The Heart is a Lonely Hunter
This summer, I reread The Heart is Lonely Hunter. Carson McCullers’ masterpiece, published in 1940 when the author was 23-years-old, is a perennial feature on many “Best Of’ book lists. (Ranked #17 in The Modern Library List of 100 Best Novels, among others). Thirty years after my first encounter, the novel is as piercing and vibrant as I remembered. But a singular attribute struck me in a fresh light.
Today, I doubt that the author of The Heart is a Lonely Hunter could find a publisher.

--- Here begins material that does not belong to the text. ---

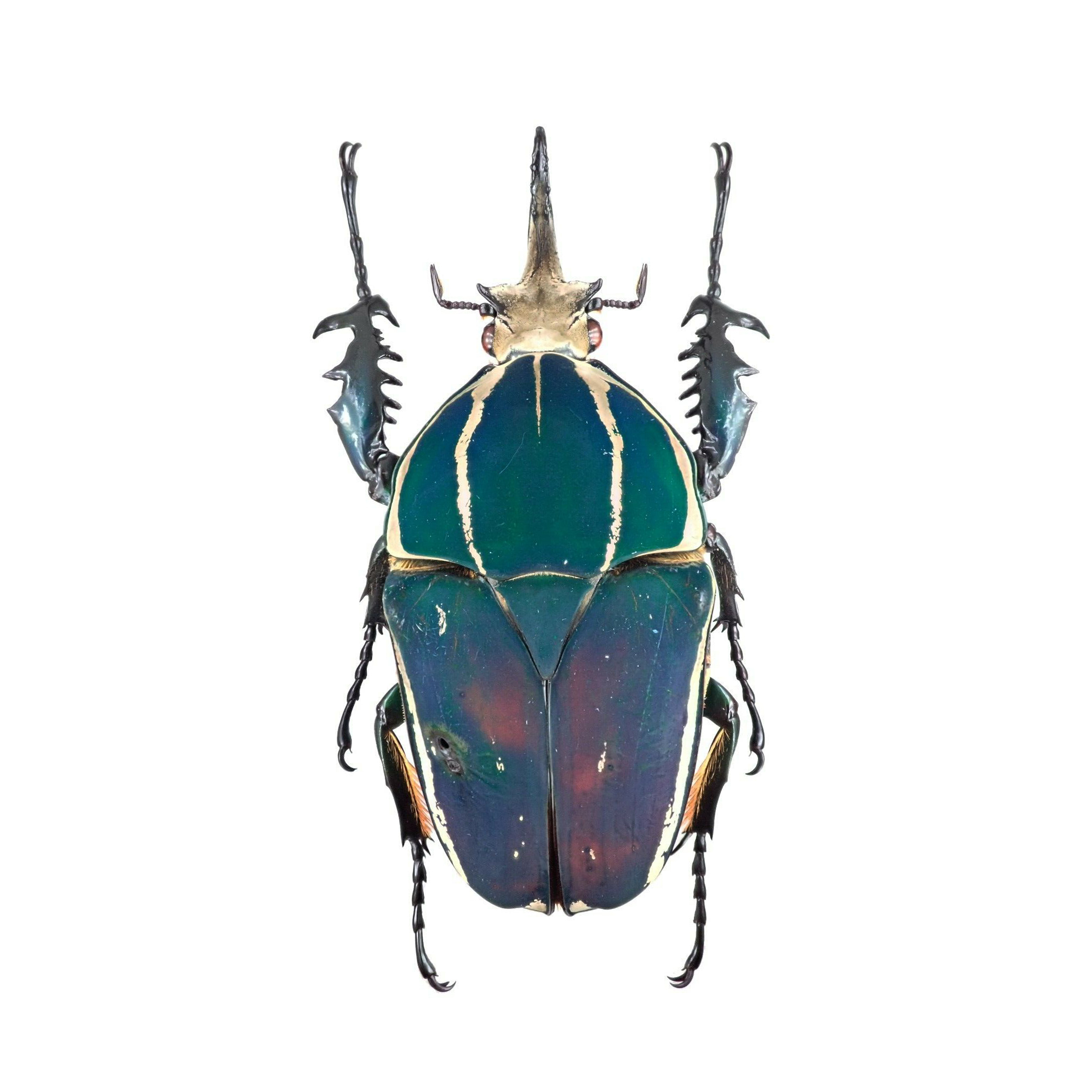 乌干达金龟甲虫宠物长戟大兜爬虫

The central character of The Heart is a Lonely Hunter is a middle-aged deaf man. As the novel opens, fastidious Mr. Singer lives with another mute, a messy, obese Greek named Antonopoulos. In short order Antonopoulos gets in trouble and his cousin commits him to an asylum, a feasible plot turn in 1930’s America. In time, an odd assortment of misfits attaches themselves to Mr. Singer. Biff Brannon, a man of wide and weird sexual tendencies, owns The New York dinner, which is open pretty much all the time. Jake Blount is an alcoholic socialist and carnival mechanic. Dr. Benedict Copeland is a Negro physician drowning in the inequities of his place and time. Mick Kelly is a tomboy with dreams well beyond her family’s boarding house in this Georgia mill town. There’s also a bevy of supporting characters, Black and white, intelligent and illiterate, each believable and sympathetic.
The novel has a plot, insomuch as time passes and things happen among the various characters. But what makes it an irresistible read are the characters themselves, so unique, so real, so richly rendered.
Which is the reason, of course, that The Heart is a Lonely Hunter would have a tough time finding a publisher in 2024. A 23-year-old white woman who escapes the Deep South to find literary acclaim might well write about a restless tomboy. But how could she possibly (regardless how sensitive) pretend to write about a deaf person, a tortured night-owl, a socialist, and a frustrated Negro? Aren’t these each distinct people, with distinct identities? How dare Ms. McCullers presume to give them voice?
Such are the blinders of our identity-driven age. So fixed on how we are different that we dismiss our commonalities. The genius of The Heart is a Lonely Hunter is not the peculiarity of each character. Rather, it is the universal humanity that motivates them all. Anyone who reads this amazing book will see themselves in every character, and in some small way bridge the artificial divides we have created in the name of…I’m really not sure.
The heart is a lonely hunter, regardless the color of our skin or the digits on our bank statement. Human connection is always a challenge. Yet in our era of stupendous communication capability, we have managed to make it all the more difficult. Thank goodness to Carson McCullers’ beautiful recitation which acknowledges that, yes, we are all alone. But at least we’re all alone together.